Abbaye Royale de Fontevraud
Europe’s largest abbey and a UNESCO-classified historic monument from the Middle Ages is the Fontevraud Abbey. Guests may sleep over, as the contemporary Fontevraud boutique hotel now takes up a wing in the former religious community. One is welcome to wander through the expansive grounds of the 1,000-year-old monastery at any hour—whether it’s a midnight exploration of the catacombs, a stroll into the church to see the effigies of Eleanor of Aquitaine and her son Richard the Lionheart which reside there, or a simple walk through the gardens. Chef Thibaut Ruggeri’s Fontevraud Le Restaurant ensures haute cuisine and local wines are available each night—apropos, as the nuns and monks (yes, this was an unusual, co-ed monastery—run by Abbesses at that) once grew 1,000 hectares of grapes here, and drank wine instead of water.
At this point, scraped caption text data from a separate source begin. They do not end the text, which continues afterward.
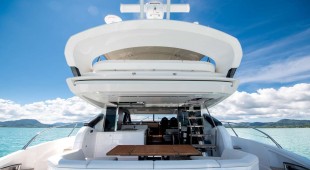 Kati Indian Ocean and SE Asia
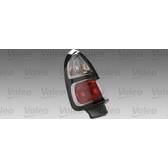 Luce posizione posteriore VALEO - 043940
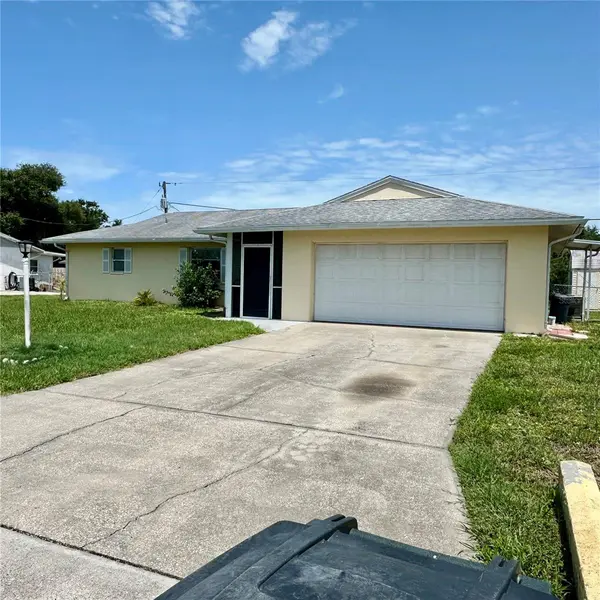 340 PEARY RD, Venice, FL 34293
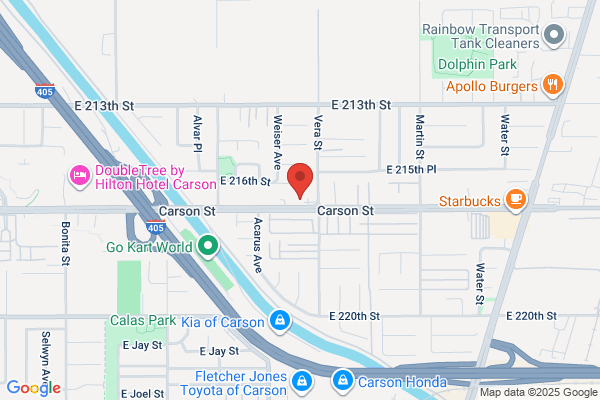 Rosario's Pizza & Authentic Italian Restaurant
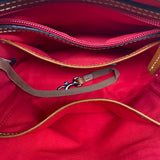 Dooney & Bourke designer  purse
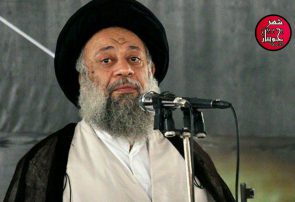 آیت‌الله موسوی جزایری استعفا داد
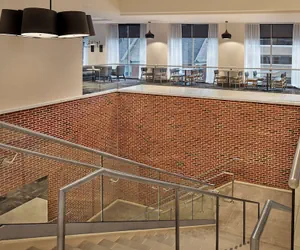 Photo 4 - Hyatt Place State College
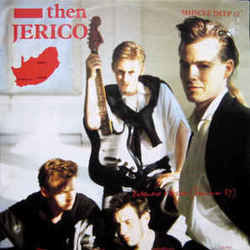Muscle Deep Bass Tab by Then Jerico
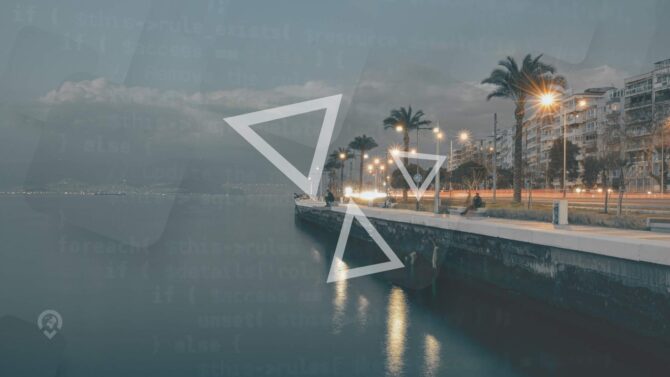 İzmir İnternet Sitesi Yaptırma - Resim 2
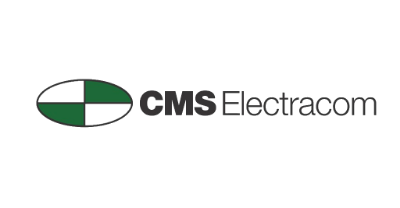 Picture for manufacturer CMS Electracom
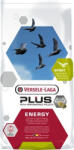 Versele-Laga Energy Plus I. C. + 18 kg
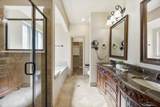 547 La Grange Drive - Photo 23
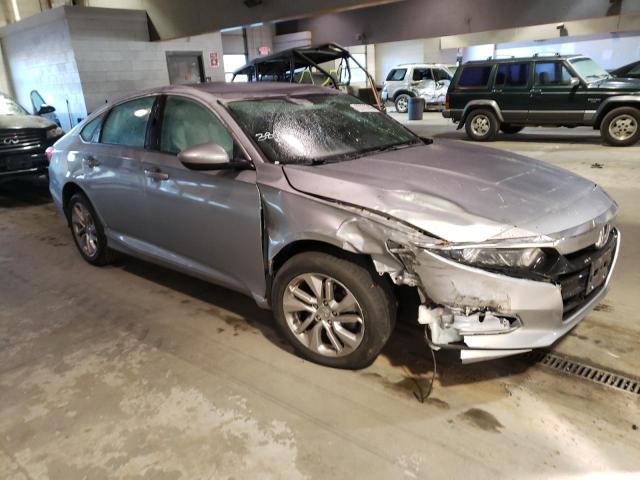 Photo 3 VIN: 1HGCV1F1XKA085965 - HONDA ACCORD LX 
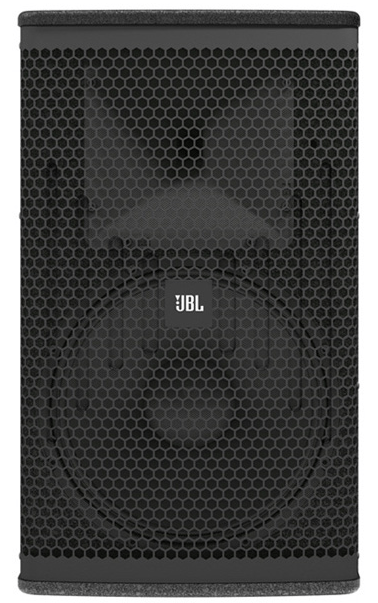 引领娱乐新潮流，JBL RM系列专业娱乐音箱！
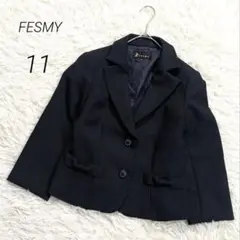 Item thumbnail for item 65274260-30e2-46ef-ae53-fed3f7b05945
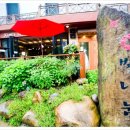 디자인스튜디오동주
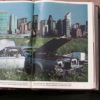 NATIONAL Geographic. Official Journal of the National Geographic Society. Miesce wydania: Washington. - obrazek 2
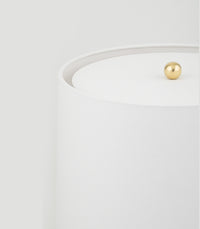 Montgomery Table Lamp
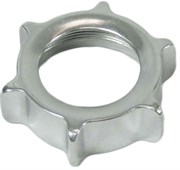 KW014 Гайка для мясорубки Kenwood KW014 / Код: 2429 | Orenten.ru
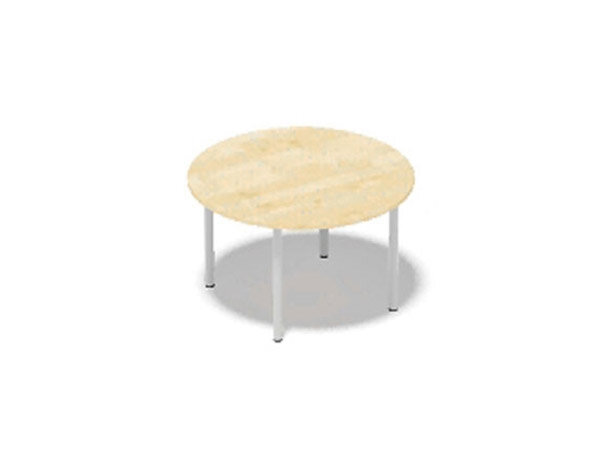 MFC Modular Tables - Circular
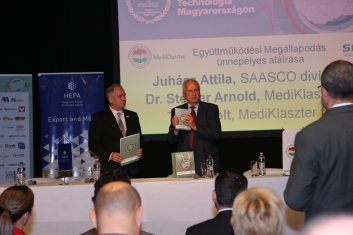 SAASCO együttműködési 2019.10.07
Château Colbert and Parc Oriental de Maulévrier
The largest Japanese garden in Europe, Parisian architect Alexandre Marcel created the Edo-style, 29-hectare Parc Oriental de Maulévrier between 1899 and 1913 as a gift for his new family; he had just married the daughter of the owners of Château Colbert, a gorgeous, 1679 castle overlooking the land. The park is stunning, with a pathway winding coquettishly to ensure new delights—a hillock of blooming azaleas, a pagoda garden, purple-flowered Judas trees, and ancient cedars—await around every turn. Yet despite proximity to the grand Maulévrier, the potager (a vegetable patch at the Château Colbert, now a boutique hotel) stands its ground in terms of beauty and interest. The head gardener, who previously served at the potager du Roi (the King’s Kitchen Garden) at Versailles, carefully grows rare and delicious plants (lettuces un-tasted since the 1800s, edible flowers, the mertensia maritima—a plant with leaves that taste of oysters) to be served in the property’s gourmet dining room. Interested guests may wander through, sampling a berry here, pulling a weed there, ultimately finding themselves in a small natural history museum filled with framed butterfly specimens at the garden’s far end.